Le schéma n'est pas classique, car la société Iranienne n'est pas régit par les mêmes codes que celle de la France. Ce côté documentaire sur le quotidien d'une femme en Iran, n'est pas surprenant de la part d'Ida Panahandeh. Elle a réalisé des documentaires et courts-métrages avant de se lancer dans ce long-métrage. Elle a mis sa rigueur au service de l'histoire et a fait le choix de montrer un village dénué de couleurs. La joie semble absente en ces lieux où le ciel est gris, comme les vêtements des différents personnages. Même le canapé rouge semble terne, comme si toutes les couleurs vives perdaient de leurs flamboyances en ce lieu. Nahid n'enlèvera jamais son foulard, ni chez elle, ni chez sa mère et encore moins dans la rue. Les hommes ont mis des lois en place et les femmes doivent s'y soumettre, au risque d'être mises au ban de la société et donc, de ne plus pouvoir vivre décemment.

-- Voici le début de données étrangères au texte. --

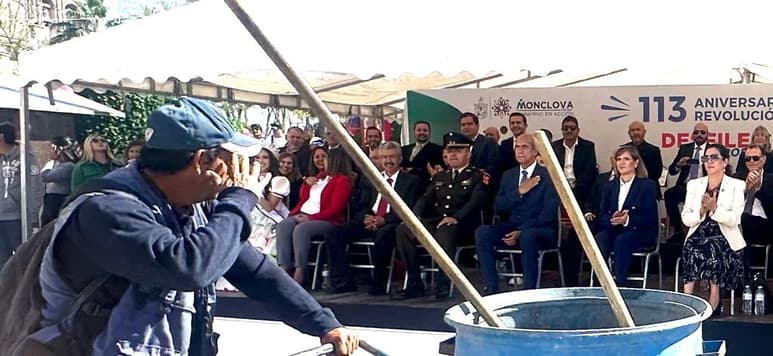 (EL SIGLO DE TORREÓN)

Le côté romance impossible est fatigante. Nahid est énervante de par son indécision. Elle aime Masoud, mais l'ombre de son ex-mari Ahmad plane toujours sur elle. Il faut comprendre le contexte, pour mieux cerner son attitude, cela va prendre du temps et il va falloir avoir recours à l’extrême pour être enfin libre. On en revient toujours à ce monde où les hommes ont le pouvoir, comme son frère qui vient la remettre dans le droit chemin.... Malgré tout, cela n'excuse pas tout ses mensonges, mais personne n'est parfait. L'argent lui brûle les doigts et sans un moment furtif émouvant, on pourrait se demander si elle n'est pas surtout attiré par la richesse de ce veuf éperdument épris d'elle.
La découverte du sighe est étonnante dans la société iranienne. Il s'agit d'un mariage pouvant durer quelques heures où années, selon le choix des époux. C'est surtout un moyen pour une femme divorcée de ne pas perdre la garde de son enfant, mais cela se fait dans la discrétion, pour éviter de jeter la honte sur sa famille.
Une histoire déroutante, où Sareh Bayat se montre une nouvelle fois impressionnante, comme dans le sublime Une séparation. Le film ne laisse pas indifférent et met du temps à montrer son vrai visage, mais il vaut la peine d'être vu.